Cette décision communautaire, outre qu’elle permettra aux Vins sans Indication Géographique – auparavant dit Vins de Table – qui n’en bénéficiaient pas, de faire croître leurs superficies plantées, va aussi induire une dérégulation qui peut s’avérer dommageable dans les aires d’AOC où les surfaces non plantées sont, dans beaucoup de régions, équivalentes à celles plantées. Le Ministre de l’Agriculture, Bruno Le Maire, en confiant à Madame Vautrin, députée de la Marne, une mission sur « les voies et moyens d’une nouvelle régulation » a remis l’ouvrage sur le métier. Ayant participé à ce travail je ne puis m’exprimer sur la question.
Pour vous informer j’ai donc décidé de donner la parole à 2 acteurs majeurs de la vallée du Rhône : Christian Paly et Michel Chapoutier. Deux fortes personnalités qui se côtoient au sein d’Inter Rhône. Le questionnement a été réalisé sans communication entre les deux interviewés et j’ai attendu la réception des deux avant publication. L’ordre de passage est celui de l’arrivée des réponses. Il va s’en dire, mais ça va mieux en le disant, que les propos que vous allez lire aujourd’hui et demain, n’engagent que leurs auteurs et les organisations qu’ils représentent. Telle est la fonction de mon « espace de liberté » et, bien évidemment, il reste ouvert à tous ceux qui souhaiteraient contribuer au débat.
Aujourd’hui donc, la parole est donnée à Christian Paly qui a présidé au devenir de la CNAOC juste avant l’ami Pierre Aguilas. Etant donné que c’est un jeune homme, et que je suis moi une barbe grise, nos routes ne se sont que peu croisées lorsque j’étais aux manettes. Christian Paly a du talent, pugnace, il fait parti de ceux qui aiment mener les combats difficiles. Vigneron à Tavel, il préside aux destinées de la cave de cette appellation bien connue. Depuis décembre 2008, Christian Paly a été élu pour trois ans à la présidence d’Inter Rhône ce qui fait de lui un des grands acteurs du monde de la production. Au plan international Christian Paly est l’un des dirigeants d’une nouvelle organisation : l'Efow qui regroupe la Confédération nationale des producteurs de vins d'appellation d'origine (Cnaoc) pour la France, ses équivalents italien (Feferdoc), espagnol (CECRV) et hongrois (HNT), ainsi que l'Institut portugais des vins de Porto et de Douro. Le président de l'Efow, l'Italien Riccardo Ricci Curbastro, lors de la création a souligné la communauté d’intérêts sur certains sujets et tout particulièrement la suppression programmée du système de contrôle des droits de plantation des vignes. Il était donc tout désigné pour donner le point de vue des producteurs sur le dossier des droits de plantation. Merci beaucoup Christian Paly d’avoir accepté mon invitation sur mon Espace de Liberté.

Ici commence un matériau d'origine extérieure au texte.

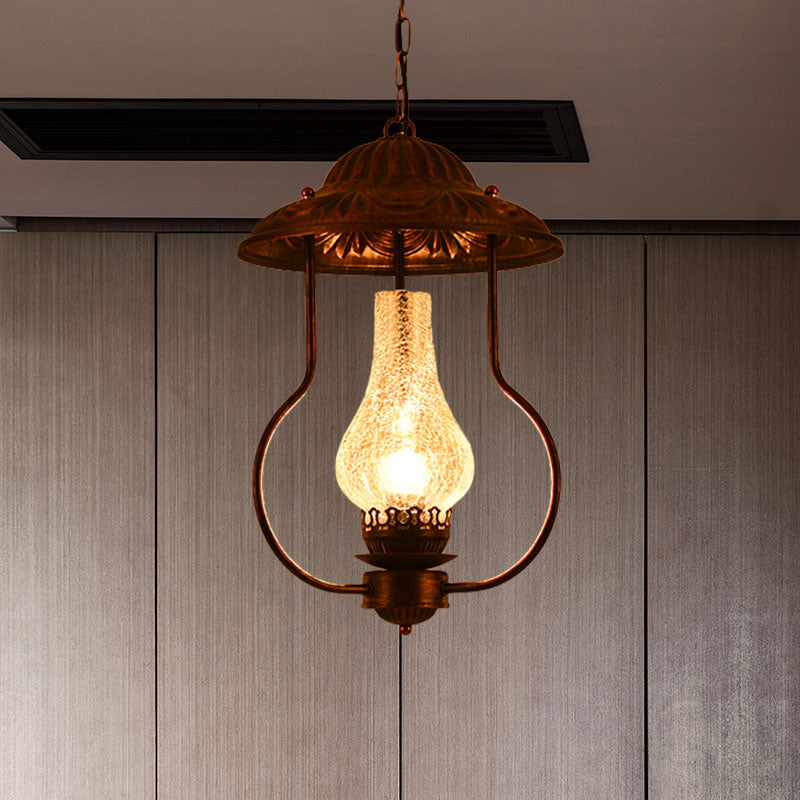 Industrial Lantern Pendant Light With Clear Crackle Glass And Bronze Finish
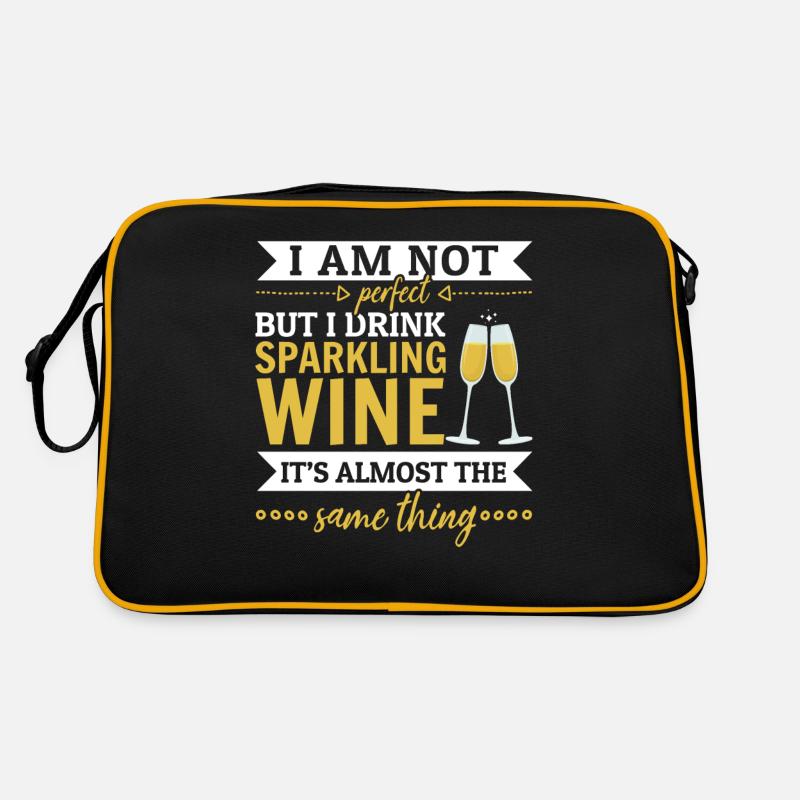 Ich bin nicht perfekt aber ich trinke Sekt lustig Retro Tasche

1ière Question : Un de mes lecteurs, Daniel Berger, grand amateur de vin, mais aussi bon connaisseur de notre réglementation, me posait la question l’autre jour : cette histoire de droits de plantation c’est encore une histoire française, un truc de défense de droits acquis. Christian Paly vous êtes SG de l’EFFOW alors expliquez lui en quoi votre combat pour le maintien de l’interdiction de planter sur le territoire de l’UE, exception faite des AOP-IGP, est soutenu par les autres pays producteurs de vins à Indication Géographique.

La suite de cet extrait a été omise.